━━━━━ THE DATA ━━━━━
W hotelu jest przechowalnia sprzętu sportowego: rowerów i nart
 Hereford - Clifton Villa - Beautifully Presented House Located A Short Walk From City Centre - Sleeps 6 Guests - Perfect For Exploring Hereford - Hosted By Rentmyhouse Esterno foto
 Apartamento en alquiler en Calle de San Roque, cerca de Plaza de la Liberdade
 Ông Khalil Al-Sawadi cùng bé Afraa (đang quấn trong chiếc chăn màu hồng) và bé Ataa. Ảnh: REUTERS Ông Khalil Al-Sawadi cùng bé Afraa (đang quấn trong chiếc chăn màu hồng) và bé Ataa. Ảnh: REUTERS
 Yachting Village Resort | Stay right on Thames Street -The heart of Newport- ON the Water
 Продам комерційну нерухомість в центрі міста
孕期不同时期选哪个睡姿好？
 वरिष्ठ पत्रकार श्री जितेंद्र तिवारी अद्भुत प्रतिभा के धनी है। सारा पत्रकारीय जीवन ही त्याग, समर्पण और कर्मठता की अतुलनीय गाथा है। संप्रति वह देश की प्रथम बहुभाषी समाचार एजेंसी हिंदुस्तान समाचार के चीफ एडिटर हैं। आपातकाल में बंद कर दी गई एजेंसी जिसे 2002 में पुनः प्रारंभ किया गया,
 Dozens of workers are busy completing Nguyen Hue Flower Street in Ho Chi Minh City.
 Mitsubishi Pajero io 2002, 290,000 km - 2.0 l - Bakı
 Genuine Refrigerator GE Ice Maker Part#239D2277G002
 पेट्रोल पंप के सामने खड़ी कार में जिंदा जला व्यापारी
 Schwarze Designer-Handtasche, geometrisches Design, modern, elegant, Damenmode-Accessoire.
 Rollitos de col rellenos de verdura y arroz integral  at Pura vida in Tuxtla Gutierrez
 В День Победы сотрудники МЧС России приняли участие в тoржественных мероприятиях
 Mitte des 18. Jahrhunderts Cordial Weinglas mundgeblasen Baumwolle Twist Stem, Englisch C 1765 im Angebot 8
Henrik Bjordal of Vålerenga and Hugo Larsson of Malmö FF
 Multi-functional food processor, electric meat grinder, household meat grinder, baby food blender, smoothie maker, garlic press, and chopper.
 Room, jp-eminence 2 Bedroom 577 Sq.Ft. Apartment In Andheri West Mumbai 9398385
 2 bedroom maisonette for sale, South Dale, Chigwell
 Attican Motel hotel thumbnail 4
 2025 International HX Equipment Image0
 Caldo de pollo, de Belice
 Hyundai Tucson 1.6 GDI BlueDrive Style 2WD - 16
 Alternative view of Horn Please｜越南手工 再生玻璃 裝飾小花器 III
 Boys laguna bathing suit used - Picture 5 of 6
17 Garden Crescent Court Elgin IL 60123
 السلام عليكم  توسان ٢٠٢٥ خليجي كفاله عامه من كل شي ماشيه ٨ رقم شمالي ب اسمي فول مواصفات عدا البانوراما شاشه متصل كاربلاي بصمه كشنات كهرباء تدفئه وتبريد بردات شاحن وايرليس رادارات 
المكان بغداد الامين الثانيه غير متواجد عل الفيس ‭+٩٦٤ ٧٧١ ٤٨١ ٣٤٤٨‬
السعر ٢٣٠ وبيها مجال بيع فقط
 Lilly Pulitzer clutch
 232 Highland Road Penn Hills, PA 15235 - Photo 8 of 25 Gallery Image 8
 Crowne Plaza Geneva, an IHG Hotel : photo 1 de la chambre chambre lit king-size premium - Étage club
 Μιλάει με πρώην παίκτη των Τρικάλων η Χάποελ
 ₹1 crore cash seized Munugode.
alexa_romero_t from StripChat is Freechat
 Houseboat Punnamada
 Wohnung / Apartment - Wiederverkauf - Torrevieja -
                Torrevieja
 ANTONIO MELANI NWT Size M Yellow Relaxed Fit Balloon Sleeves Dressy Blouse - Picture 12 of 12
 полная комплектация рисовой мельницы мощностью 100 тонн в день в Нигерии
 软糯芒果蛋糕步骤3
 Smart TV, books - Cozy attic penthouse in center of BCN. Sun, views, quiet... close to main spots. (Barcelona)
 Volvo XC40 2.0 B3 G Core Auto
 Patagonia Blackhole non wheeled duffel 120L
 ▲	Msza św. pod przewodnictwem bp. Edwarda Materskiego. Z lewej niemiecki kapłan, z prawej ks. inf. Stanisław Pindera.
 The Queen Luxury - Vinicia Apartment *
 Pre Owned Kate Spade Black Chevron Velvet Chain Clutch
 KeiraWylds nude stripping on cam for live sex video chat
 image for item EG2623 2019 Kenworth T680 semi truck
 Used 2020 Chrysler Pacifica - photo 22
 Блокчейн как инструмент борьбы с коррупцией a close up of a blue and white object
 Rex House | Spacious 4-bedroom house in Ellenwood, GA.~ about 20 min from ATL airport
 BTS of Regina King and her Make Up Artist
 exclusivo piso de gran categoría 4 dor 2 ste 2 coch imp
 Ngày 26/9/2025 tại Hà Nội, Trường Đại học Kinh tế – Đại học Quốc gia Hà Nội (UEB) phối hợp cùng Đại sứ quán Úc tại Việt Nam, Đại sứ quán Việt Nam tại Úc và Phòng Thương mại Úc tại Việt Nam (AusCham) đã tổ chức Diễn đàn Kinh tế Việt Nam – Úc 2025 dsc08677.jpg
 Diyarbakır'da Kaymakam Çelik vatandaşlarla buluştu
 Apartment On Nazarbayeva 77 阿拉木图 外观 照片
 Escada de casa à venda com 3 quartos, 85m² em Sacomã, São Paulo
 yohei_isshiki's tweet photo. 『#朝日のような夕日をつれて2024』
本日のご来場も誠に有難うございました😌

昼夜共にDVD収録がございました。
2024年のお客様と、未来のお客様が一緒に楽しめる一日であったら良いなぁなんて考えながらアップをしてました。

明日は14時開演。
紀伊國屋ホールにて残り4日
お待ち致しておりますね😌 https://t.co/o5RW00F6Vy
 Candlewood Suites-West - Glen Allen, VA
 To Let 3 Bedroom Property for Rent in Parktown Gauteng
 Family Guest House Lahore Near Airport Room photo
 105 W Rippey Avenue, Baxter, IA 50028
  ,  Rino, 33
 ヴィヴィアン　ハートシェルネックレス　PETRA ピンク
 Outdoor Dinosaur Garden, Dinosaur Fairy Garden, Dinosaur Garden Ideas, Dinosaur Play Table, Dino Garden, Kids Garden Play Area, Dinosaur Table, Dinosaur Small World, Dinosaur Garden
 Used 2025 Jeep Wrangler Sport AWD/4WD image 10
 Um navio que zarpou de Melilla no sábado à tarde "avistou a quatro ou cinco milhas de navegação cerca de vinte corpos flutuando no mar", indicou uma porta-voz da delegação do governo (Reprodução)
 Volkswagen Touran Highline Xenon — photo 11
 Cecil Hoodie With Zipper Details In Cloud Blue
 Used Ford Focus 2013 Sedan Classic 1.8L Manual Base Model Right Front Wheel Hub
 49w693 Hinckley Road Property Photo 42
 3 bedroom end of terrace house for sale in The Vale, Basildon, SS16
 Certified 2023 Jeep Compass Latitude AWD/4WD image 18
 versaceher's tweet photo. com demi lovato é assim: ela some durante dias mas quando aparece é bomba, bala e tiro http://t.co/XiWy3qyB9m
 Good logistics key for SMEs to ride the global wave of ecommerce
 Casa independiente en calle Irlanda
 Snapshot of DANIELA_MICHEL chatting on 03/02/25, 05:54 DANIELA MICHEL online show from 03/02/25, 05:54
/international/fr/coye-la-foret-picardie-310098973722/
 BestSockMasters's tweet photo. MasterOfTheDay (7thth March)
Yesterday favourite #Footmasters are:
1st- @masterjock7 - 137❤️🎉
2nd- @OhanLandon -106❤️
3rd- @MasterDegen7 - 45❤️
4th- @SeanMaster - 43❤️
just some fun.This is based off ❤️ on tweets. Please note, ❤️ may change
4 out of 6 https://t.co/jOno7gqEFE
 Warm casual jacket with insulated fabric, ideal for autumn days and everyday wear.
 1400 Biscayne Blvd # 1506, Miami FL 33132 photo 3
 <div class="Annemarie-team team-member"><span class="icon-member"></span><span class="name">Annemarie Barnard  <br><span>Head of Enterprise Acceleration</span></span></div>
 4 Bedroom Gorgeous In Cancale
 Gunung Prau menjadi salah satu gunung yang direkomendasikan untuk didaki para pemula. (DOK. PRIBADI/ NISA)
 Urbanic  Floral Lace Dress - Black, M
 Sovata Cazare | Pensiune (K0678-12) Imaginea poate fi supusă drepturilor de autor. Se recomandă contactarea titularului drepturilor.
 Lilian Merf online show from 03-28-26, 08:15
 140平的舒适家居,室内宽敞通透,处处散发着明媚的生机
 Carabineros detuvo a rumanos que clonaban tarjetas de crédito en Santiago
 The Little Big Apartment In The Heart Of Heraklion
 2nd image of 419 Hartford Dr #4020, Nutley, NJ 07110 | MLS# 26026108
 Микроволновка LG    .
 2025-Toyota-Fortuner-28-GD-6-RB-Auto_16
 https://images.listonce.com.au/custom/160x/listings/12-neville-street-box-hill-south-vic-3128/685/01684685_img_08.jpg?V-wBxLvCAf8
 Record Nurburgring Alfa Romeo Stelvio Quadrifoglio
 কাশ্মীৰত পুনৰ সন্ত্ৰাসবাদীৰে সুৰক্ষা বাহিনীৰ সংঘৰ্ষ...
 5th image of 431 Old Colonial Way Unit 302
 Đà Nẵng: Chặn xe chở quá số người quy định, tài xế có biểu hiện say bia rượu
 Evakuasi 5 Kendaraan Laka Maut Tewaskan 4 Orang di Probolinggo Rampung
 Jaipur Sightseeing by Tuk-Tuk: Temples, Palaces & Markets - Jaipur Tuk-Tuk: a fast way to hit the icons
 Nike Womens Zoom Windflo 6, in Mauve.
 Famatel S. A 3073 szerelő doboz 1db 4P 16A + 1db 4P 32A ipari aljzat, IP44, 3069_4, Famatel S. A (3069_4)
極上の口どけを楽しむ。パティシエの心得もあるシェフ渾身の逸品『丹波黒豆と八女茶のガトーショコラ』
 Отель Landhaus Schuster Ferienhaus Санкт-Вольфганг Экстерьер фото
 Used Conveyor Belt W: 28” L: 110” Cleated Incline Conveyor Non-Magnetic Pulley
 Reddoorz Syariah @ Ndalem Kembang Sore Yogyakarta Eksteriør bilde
━━━━━
(EXERCISE DESCRIPTION)
With the line that has "49w693 Hinckley Road Property Photo 42" as the first and the line that has "Good logistics key" as the last, repeat exactly that run of lines above and no more.

(RESULT FOR THIS EXERCISE)
 49w693 Hinckley Road Property Photo 42
 3 bedroom end of terrace house for sale in The Vale, Basildon, SS16
 Certified 2023 Jeep Compass Latitude AWD/4WD image 18
 versaceher's tweet photo. com demi lovato é assim: ela some durante dias mas quando aparece é bomba, bala e tiro http://t.co/XiWy3qyB9m
 Good logistics key for SMEs to ride the global wave of ecommerce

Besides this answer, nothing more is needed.